Graduates are keen to protect their "elite" status by preventing too many people from following them to university, according to a report into British social attitudes to be published next week.
The report by Ted Wragg, professor of education at Exeter University, and Katarina Thomson, research director at the National Centre for Social Research, shows a "substantial fall in support for the expansion of higher education among those with degrees" between 1994 and 2000.
In 1994, half of graduates thought expansion was a good idea. By 2000, that figure had fallen to 29 per cent.
Professor Wragg says: "It means that people are saying, 'I have arrived so I shall pull up the ladder', or there is a feeling that when they went to university, one in seven entered higher education, and now it is more like one in three and we are reaching saturation point. If more school-leavers go on to higher education, then having a degree loses its status as an automatic passport to a well-paid job."
The study also shows that graduates are a lot less generous when it comes to providing student grants. In 2000, just 19 per cent of graduates thought that all students should get grants, compared with 31 per cent of those educated to A level.

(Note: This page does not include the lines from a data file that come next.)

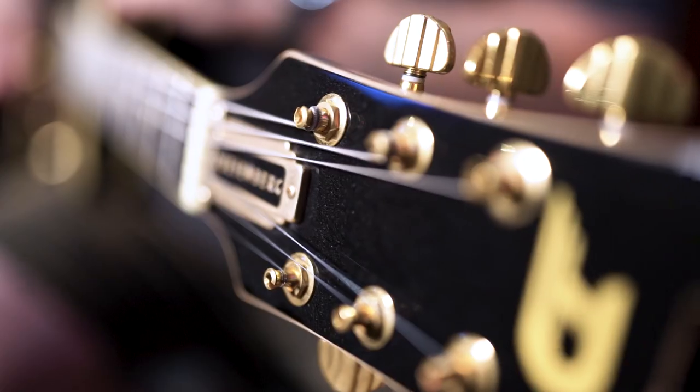What's happening guys, Deval here and I'm at Marshall Music checking out the Star Player TV Custom from Duesenberg.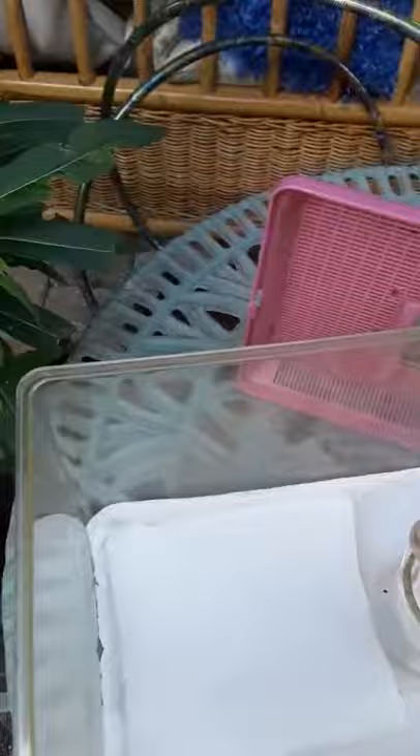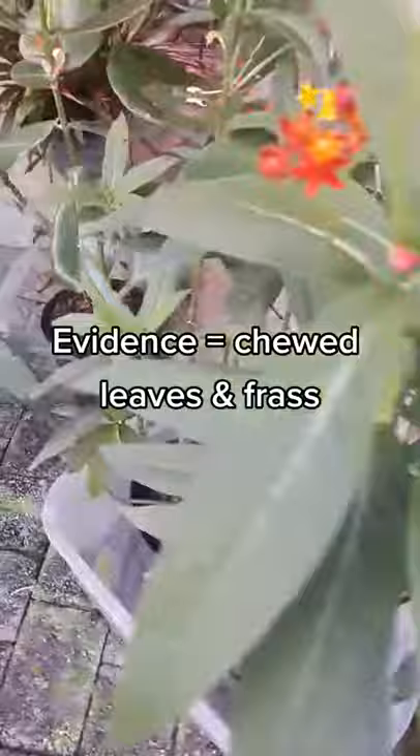Now we come over to the milkweed which I purchased. I took a little bit of time off because I was gone a couple days last week. You want to look for evidence — that would be these holes in leaves, number one. The other evidence you can look for is frass, which is the caterpillar poo-poo.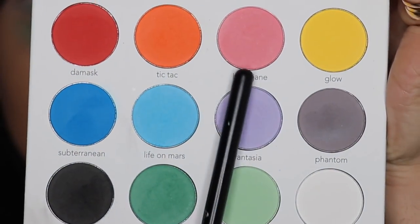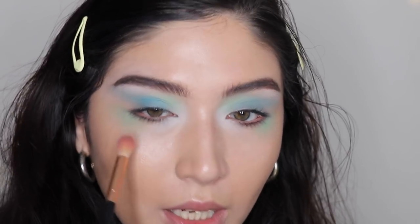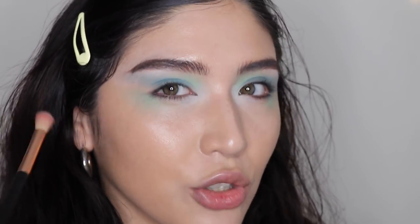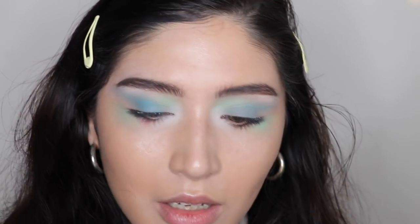So now I'm going in with Baby Jane, between where that green and that white is. I'm gonna apply Baby Jane pretty saturated, and then I might burn it down.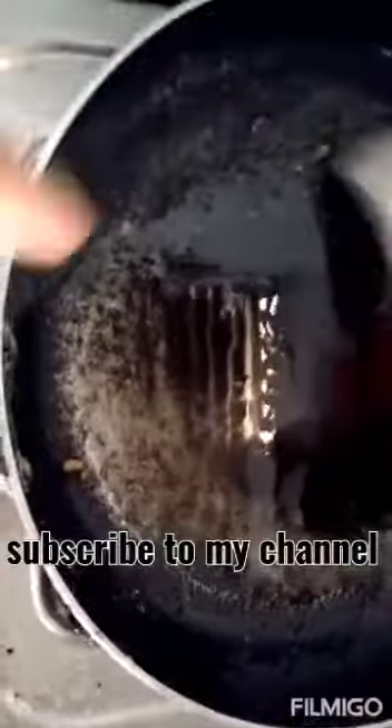Put a little gold color. Put it in the pan. Now I'm going to add a little sugar and mix it up.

Professor Wragg says: "Those without degrees are more supportive of grants for all students than those with degrees. It is particularly interesting that graduates, who have themselves benefited from a university education and are thus likely to be higher earners, are less supportive of universal grants than those who have not been such beneficiaries. This may be related to anticipated income tax consequences for higher earners and to aspirations for their children among lower earners."
Overall, in 2000 - a year before the Labour Party made its manifesto promise to expand higher education so that 50 per cent of young people would experience it - less than one-third of the population supported further expansion. Two-thirds of the population wanted grants for some students, but support for student loans remained low with less than one-third of the population backing them.